[WORK REQUEST] Restate the whole listing exactly.

[GIVEN ENTRIES]
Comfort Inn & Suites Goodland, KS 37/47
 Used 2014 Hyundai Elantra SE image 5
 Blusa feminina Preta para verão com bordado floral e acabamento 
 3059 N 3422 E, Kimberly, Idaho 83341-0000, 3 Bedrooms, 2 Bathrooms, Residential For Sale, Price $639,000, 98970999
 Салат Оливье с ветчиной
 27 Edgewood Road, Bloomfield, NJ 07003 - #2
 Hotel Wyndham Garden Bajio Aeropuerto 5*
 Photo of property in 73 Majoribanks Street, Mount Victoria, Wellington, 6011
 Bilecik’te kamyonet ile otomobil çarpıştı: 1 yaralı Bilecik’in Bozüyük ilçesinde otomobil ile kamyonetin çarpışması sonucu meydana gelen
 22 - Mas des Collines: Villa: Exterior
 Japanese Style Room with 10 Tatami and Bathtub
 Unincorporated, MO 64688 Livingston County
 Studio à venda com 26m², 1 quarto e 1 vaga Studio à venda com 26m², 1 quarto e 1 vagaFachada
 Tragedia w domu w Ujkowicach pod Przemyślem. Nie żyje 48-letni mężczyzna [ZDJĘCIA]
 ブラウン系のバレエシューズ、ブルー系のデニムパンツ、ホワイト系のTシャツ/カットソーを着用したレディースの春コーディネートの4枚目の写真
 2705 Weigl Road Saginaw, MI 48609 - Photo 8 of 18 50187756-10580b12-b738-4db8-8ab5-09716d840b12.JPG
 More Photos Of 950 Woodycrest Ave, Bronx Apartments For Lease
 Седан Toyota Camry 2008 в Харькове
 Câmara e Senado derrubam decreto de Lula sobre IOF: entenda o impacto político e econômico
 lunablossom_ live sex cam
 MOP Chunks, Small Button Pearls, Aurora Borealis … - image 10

[SOLUTION TO THE EXERCISE]
Comfort Inn & Suites Goodland, KS 37/47
 Used 2014 Hyundai Elantra SE image 5
 Blusa feminina Preta para verão com bordado floral e acabamento 
 3059 N 3422 E, Kimberly, Idaho 83341-0000, 3 Bedrooms, 2 Bathrooms, Residential For Sale, Price $639,000, 98970999
 Салат Оливье с ветчиной
 27 Edgewood Road, Bloomfield, NJ 07003 - #2
 Hotel Wyndham Garden Bajio Aeropuerto 5*
 Photo of property in 73 Majoribanks Street, Mount Victoria, Wellington, 6011
 Bilecik’te kamyonet ile otomobil çarpıştı: 1 yaralı Bilecik’in Bozüyük ilçesinde otomobil ile kamyonetin çarpışması sonucu meydana gelen
 22 - Mas des Collines: Villa: Exterior
 Japanese Style Room with 10 Tatami and Bathtub
 Unincorporated, MO 64688 Livingston County
 Studio à venda com 26m², 1 quarto e 1 vaga Studio à venda com 26m², 1 quarto e 1 vagaFachada
 Tragedia w domu w Ujkowicach pod Przemyślem. Nie żyje 48-letni mężczyzna [ZDJĘCIA]
 ブラウン系のバレエシューズ、ブルー系のデニムパンツ、ホワイト系のTシャツ/カットソーを着用したレディースの春コーディネートの4枚目の写真
 2705 Weigl Road Saginaw, MI 48609 - Photo 8 of 18 50187756-10580b12-b738-4db8-8ab5-09716d840b12.JPG
 More Photos Of 950 Woodycrest Ave, Bronx Apartments For Lease
 Седан Toyota Camry 2008 в Харькове
 Câmara e Senado derrubam decreto de Lula sobre IOF: entenda o impacto político e econômico
 lunablossom_ live sex cam
 MOP Chunks, Small Button Pearls, Aurora Borealis … - image 10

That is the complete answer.